Şöyle tasavvur et ki, kâinat bir denizdir, biz insanlar ise meçhul bir semte doğru yol almış giden "hayat gemisi"nin yolcularıyız. Dalgaların çırpıntısı ile sallanan geminin içinde biz de sallanmaktayız. Bununla beraber kimimiz kazan ağzında ocaklara kömür atıyor, kimimiz güvertede elleri arkasında gezinip bakınıyor, kimimiz de kaptan köprüsünde
önünde pusula, dümen tutuyor... Ne demek istediğimi tabıî anlıyorsun. Hepimiz, etrafımızdaki herşeyle beraber, gemimizin sallantısına uyarak eğilip ırgalanıyoruz. Fakat, aynı zamanda ayrıca kendimize mahsus hareketler de yapıyoruz. Ve hissediyoruz ki, eğilip ırgalanma şeklindeki birinci nevi hareketler "bizim" değildir. Bunlar tabiat faktörlerinin eseridir. İkinciler ise, "bizim"dir. Bunların yapıcısı ve sahibi bizizdir.
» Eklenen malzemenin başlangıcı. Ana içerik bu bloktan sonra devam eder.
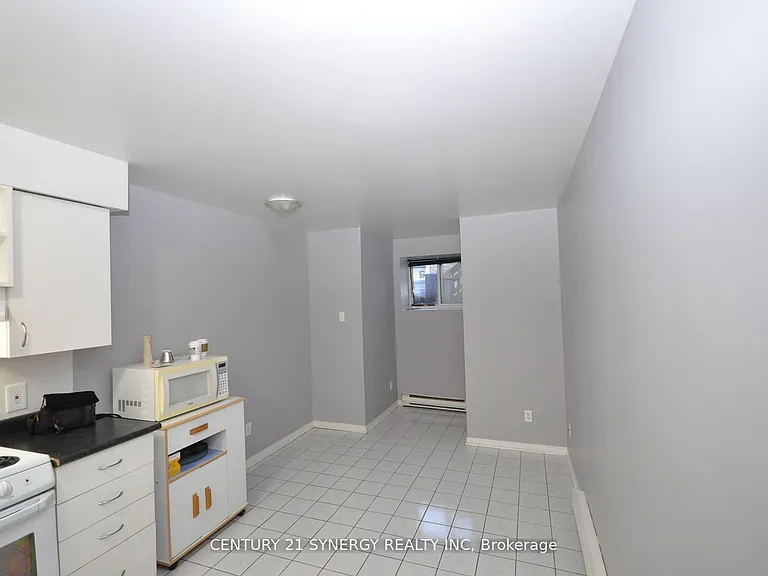 450 Maclaren St #2 — Photo 6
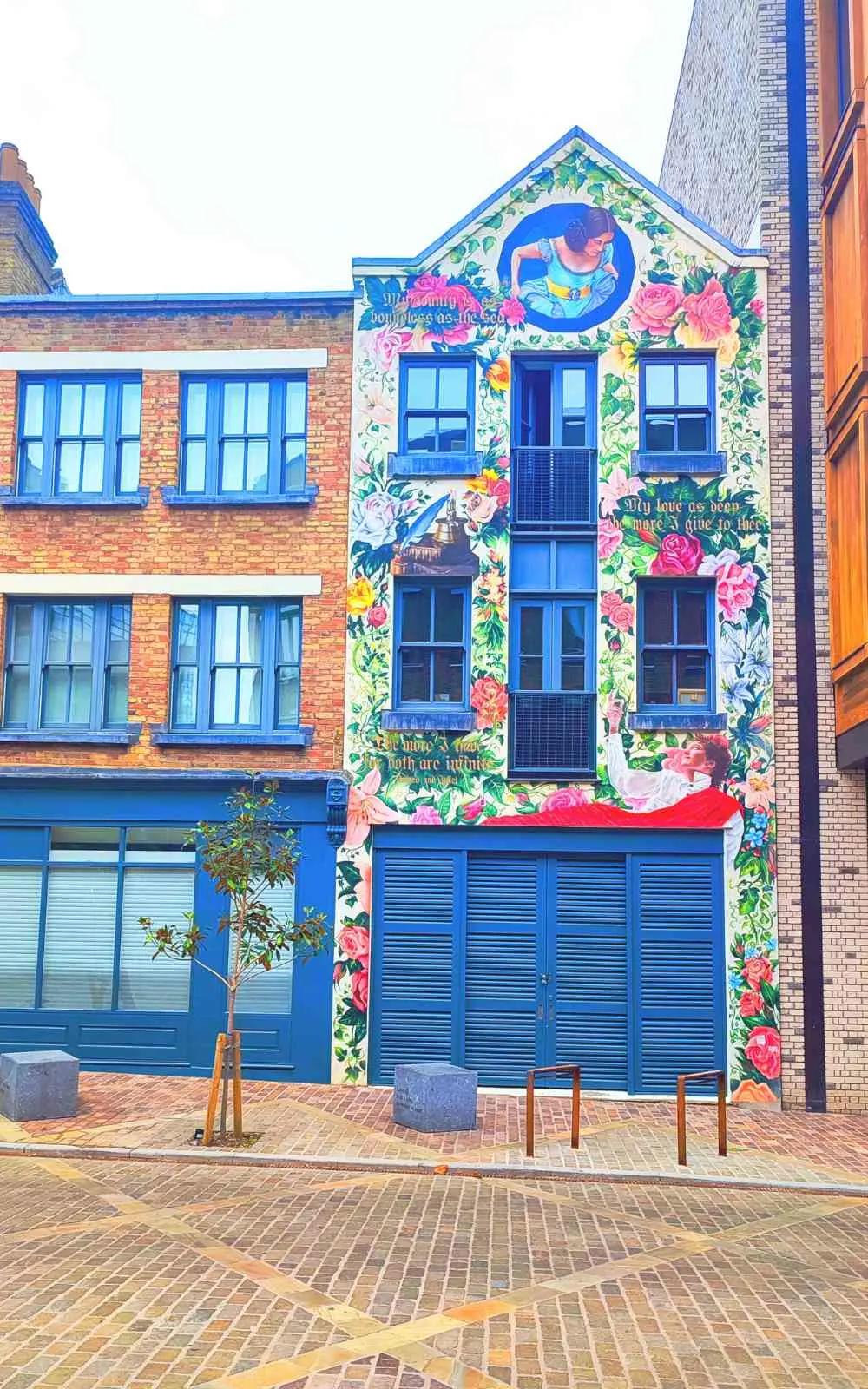 most colorful places in london - most scenic places in london - most colorful streets in london - most colorful mews in london - most colorful houses in london - most beautiful places in london - best hidden gems in london - most beautiful secret places in london - carnaby street - covent garden - bonny street camden - devonshire mews south marylebone - neal's yard - soho - elan cafe - james street - primrose hill colorful houses - chalcot square - chalcot street - portobello road - notting hill - st lukes mews - camden town - chelsea mews - shoreditch street art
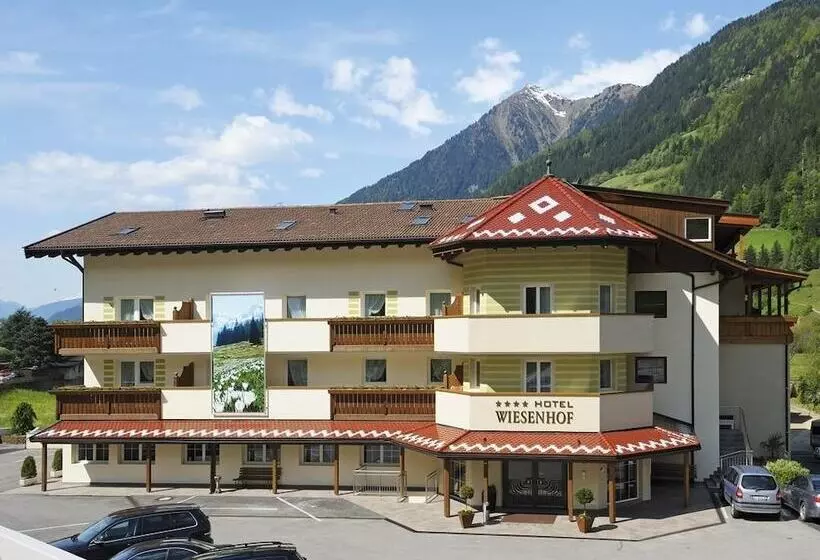 Отель Wiesenhof Gardenresort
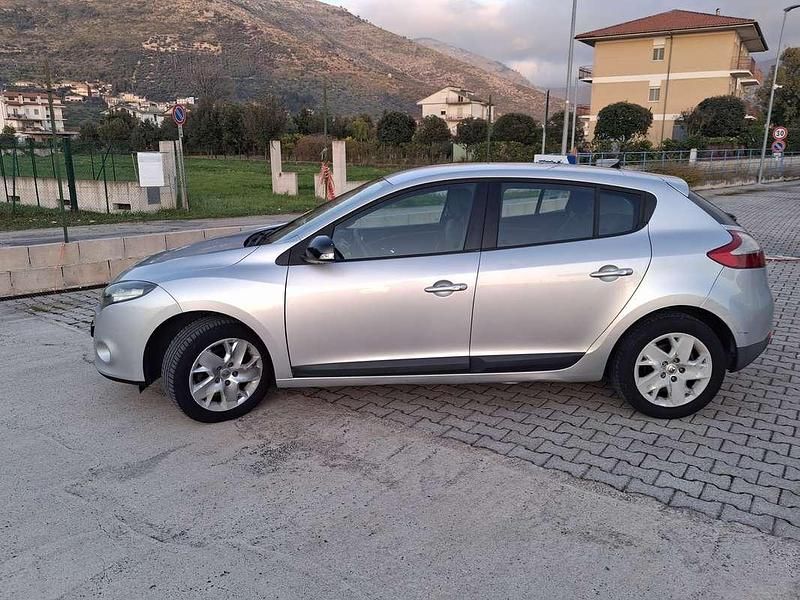 Usata Renault Mégane III 110 CV (80 kW) 2011 Argento Berlina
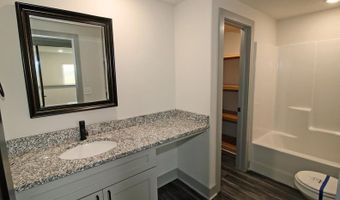 8641 E Cherrywood Ct, Bel Aire, KS 67226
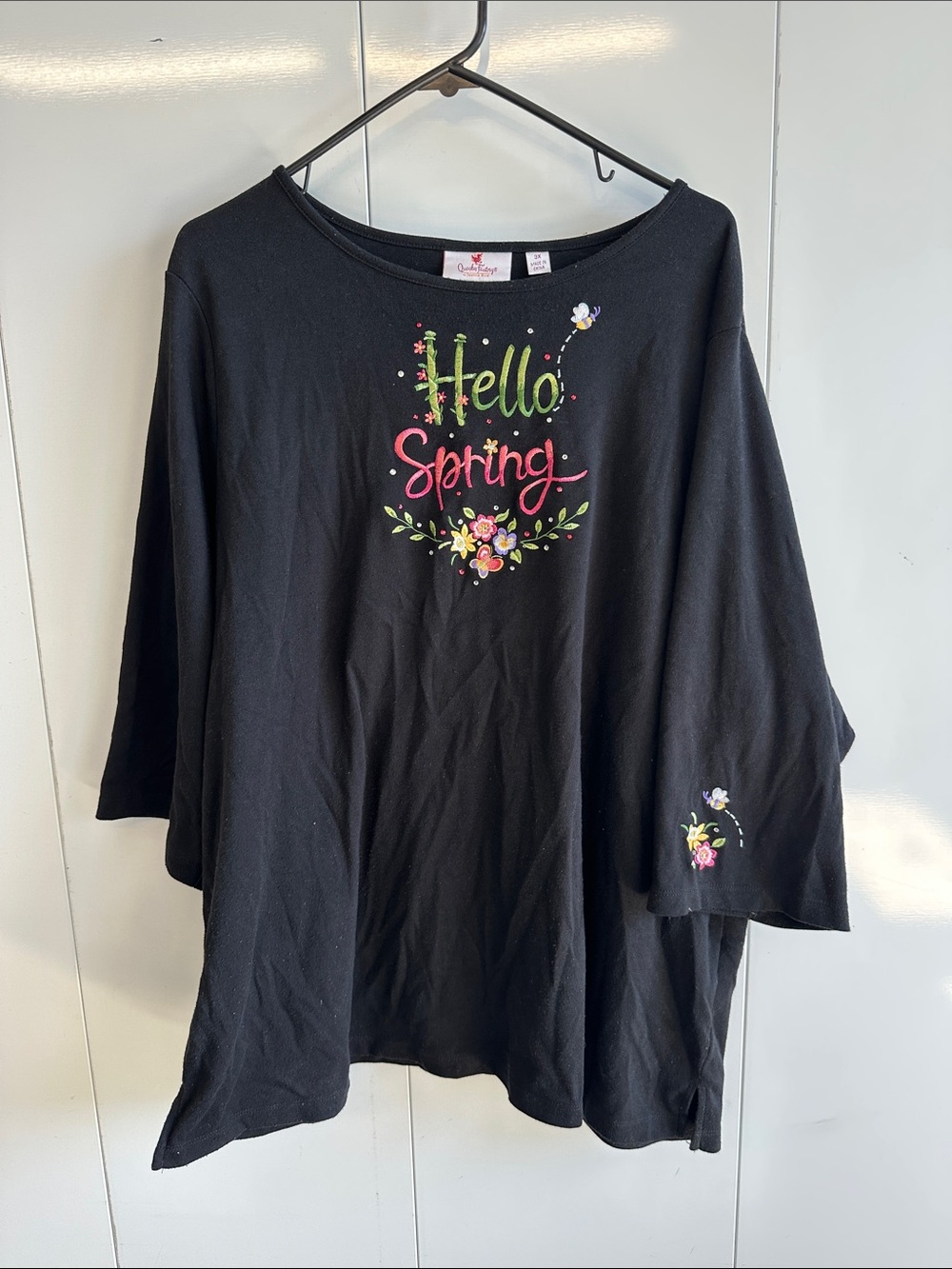 Quacker Factory Black 'Hello' Floral Embroidered Graphic Top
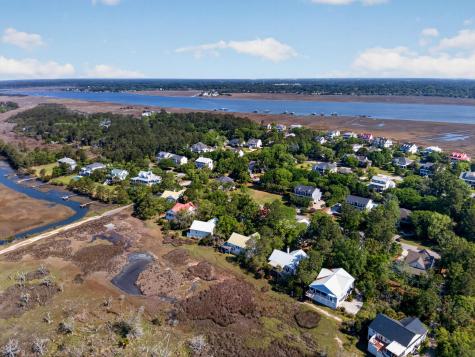 1526 Regimental Lane Johns Island SC 29455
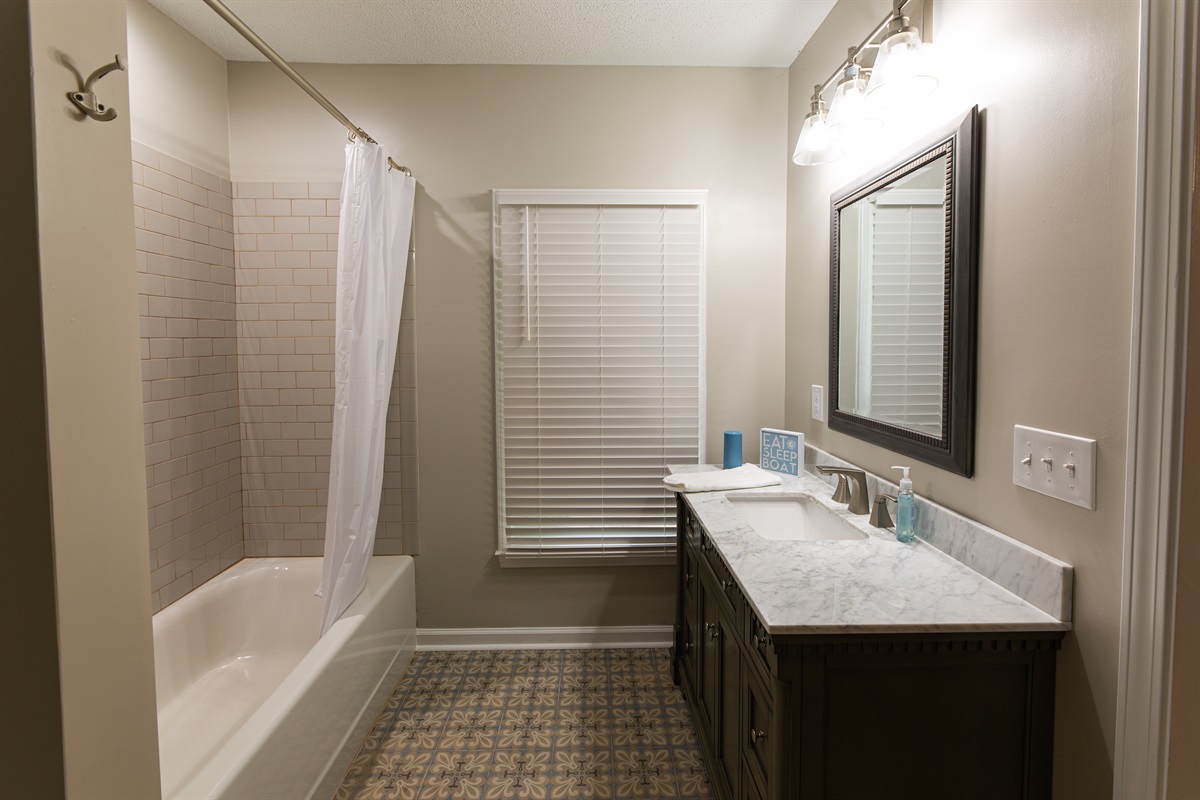 Full Bathroom 1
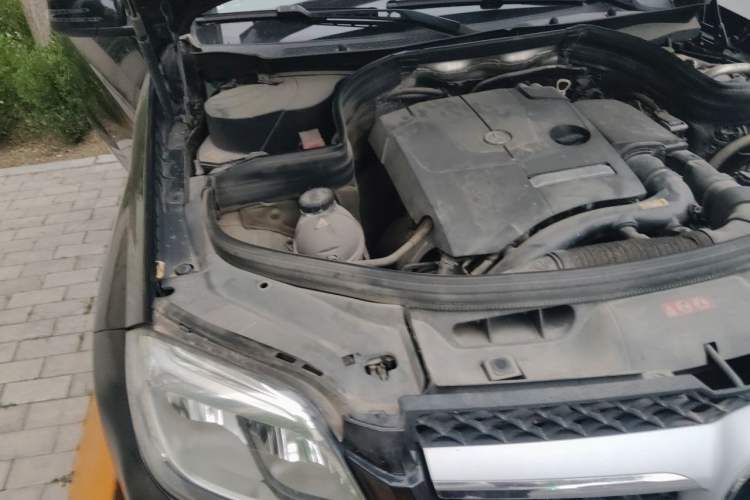 Used Mercedes-Benz GLK-Class 2014 GLK 200 Standard Model Engine Bay Right
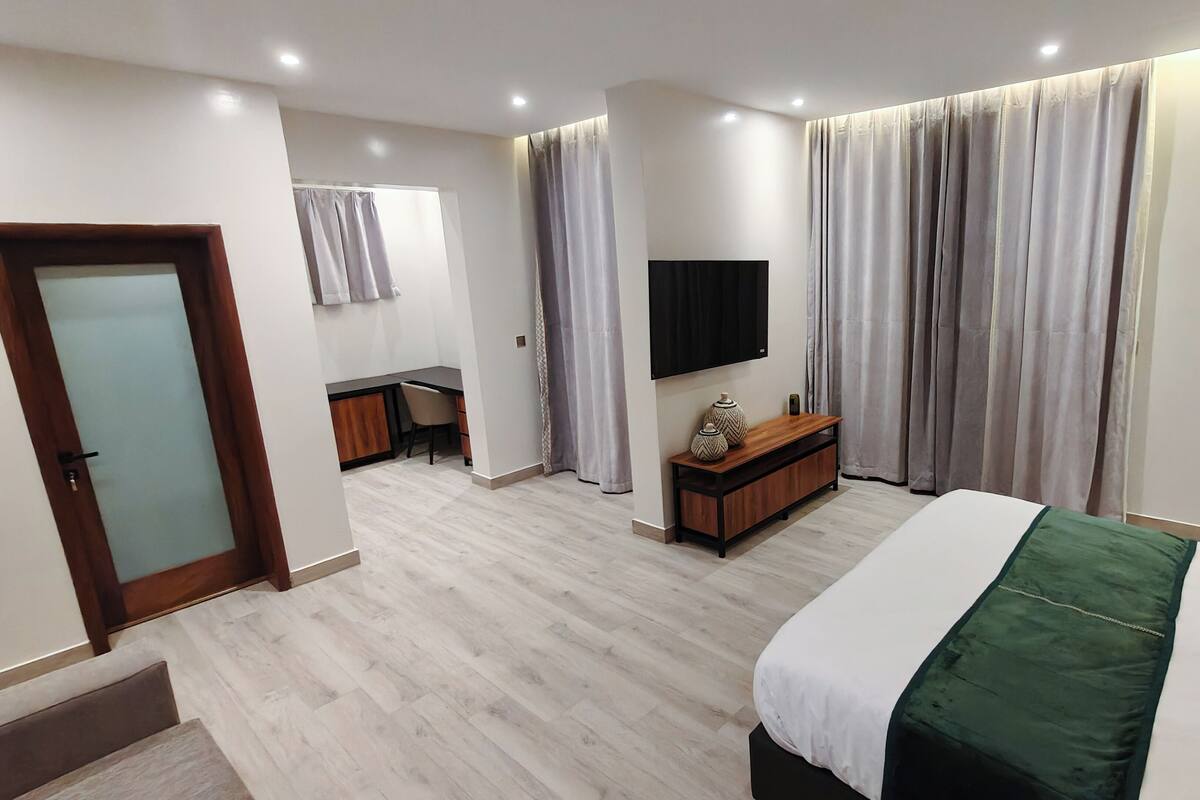 Deluxe Double or Twin Room | In-room safe, blackout drapes, iron/ironing board, free WiFi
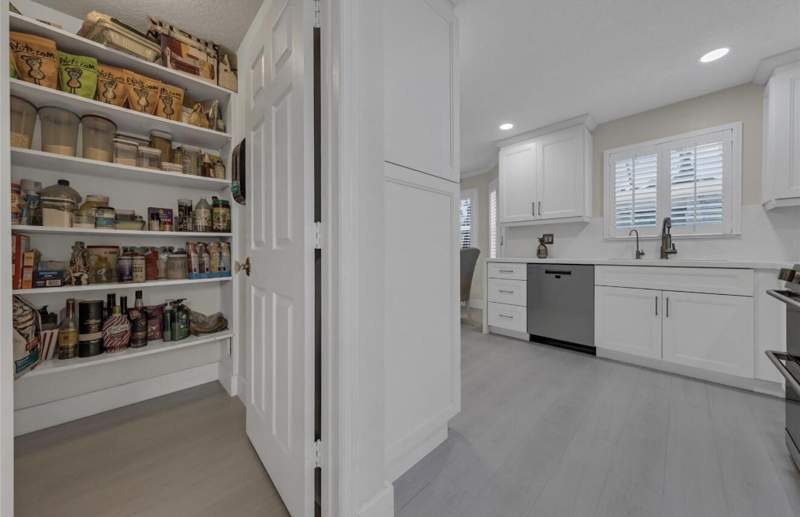 5 bedroom Single Family Residence at 13756 NW 22nd Place, Sawgrass Preserve, Sunrise — photo 4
Gerçi iyi düşünürsek, berikiler de, birinci nevi hareketler gibi, "yaratıcı kudret"in var edici görünmez eliyle vukua gelmektedir (olmaktadır). O sonsuz denizi çalkalayıp gemimizi sallayan kudretle, güvertede bizi gezdirip etrafa bakındıran, kâh güldürüp, kâh ağlatan, hülâsa bizi var edip hayat sahnesine gönderen kudret -adına ister Tanrı de, ister Dieu(fr. Allah)- hep aynı bir kudrettir. Şu fark ile ki, bu ezelî ve nâmütenâhî (sonsuz) kudret, "bizim" dediğimiz hareketlerde doğrudan doğruya değil de, bizim benliğimiz vasıtasıyla müessir (etki eden) olmakta; eserle müessir (eser sahibi) arasına, sanki üçüncü bir varlık olarak, "biz" girmekteyiz. O ebedi ve aynı olan kudret bizi hareketlerimizde ve yaptığımız işlerde serbest bırakmaktadır. O kudret nedir? Onu sorma.